» **Extracted information**:
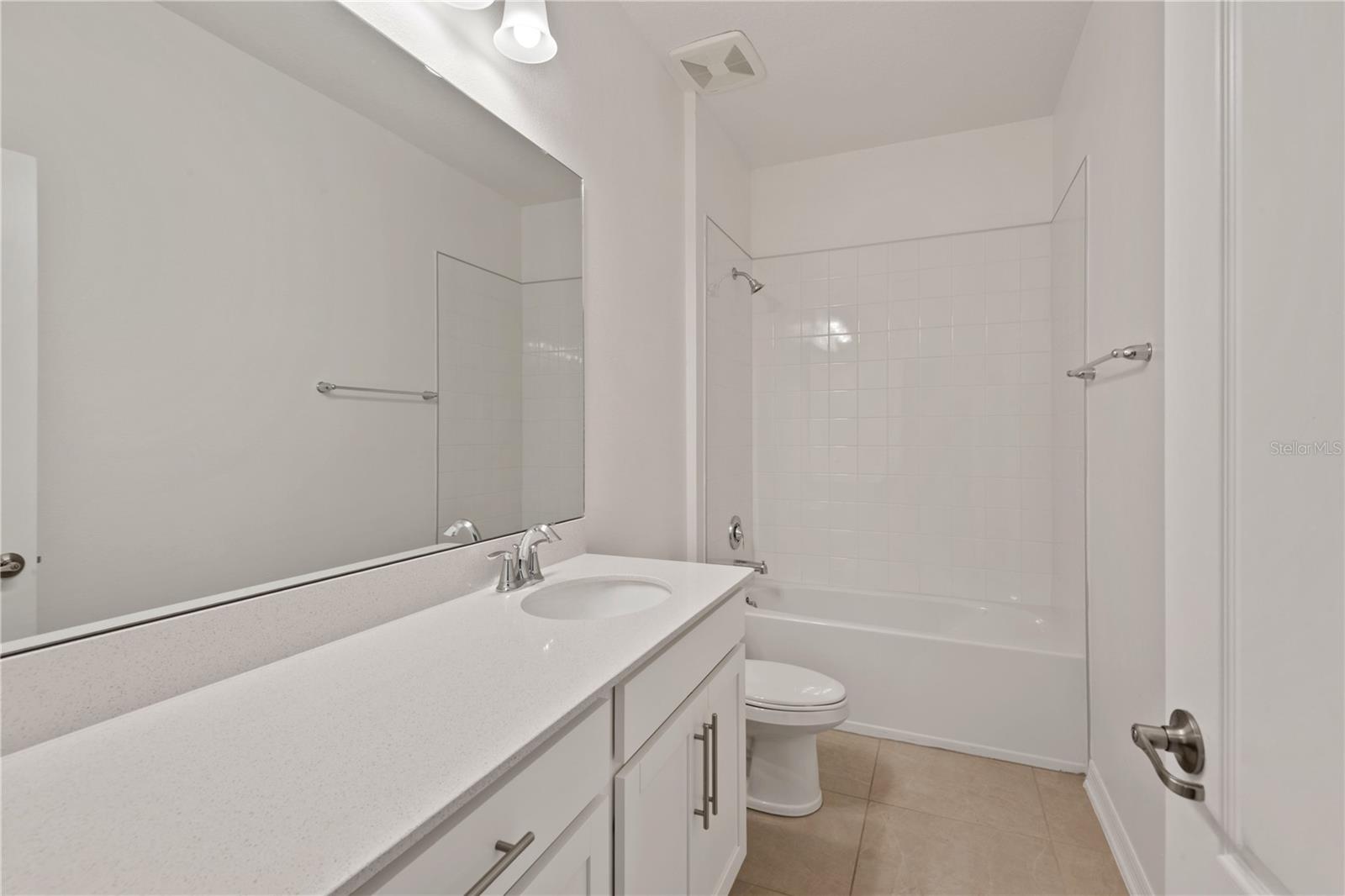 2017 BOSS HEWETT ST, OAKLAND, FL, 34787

==

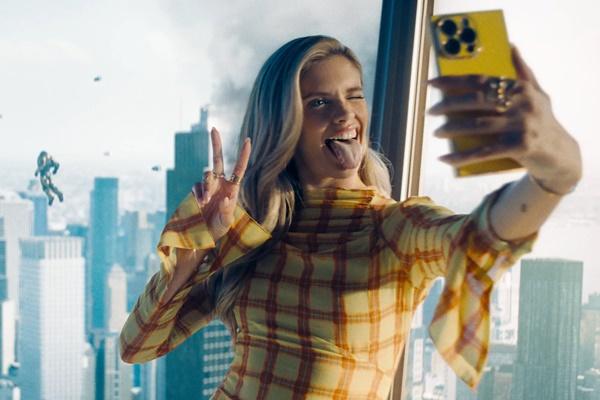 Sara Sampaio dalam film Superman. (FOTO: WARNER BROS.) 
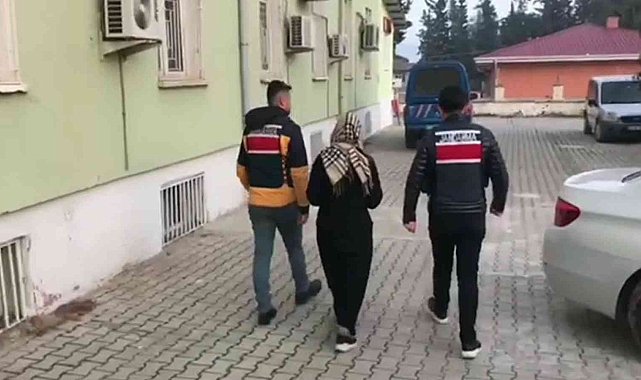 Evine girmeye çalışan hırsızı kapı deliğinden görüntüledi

» **Your task**: Nothing but the lines above, starting at the line that contains "Sara Sampaio dalam" and ending at the line that contains "Evine girmeye çalışan", should be given again, exactly and without the pictures.

» **Solution**:
 Sara Sampaio dalam film Superman. (FOTO: WARNER BROS.) 
 Evine girmeye çalışan hırsızı kapı deliğinden görüntüledi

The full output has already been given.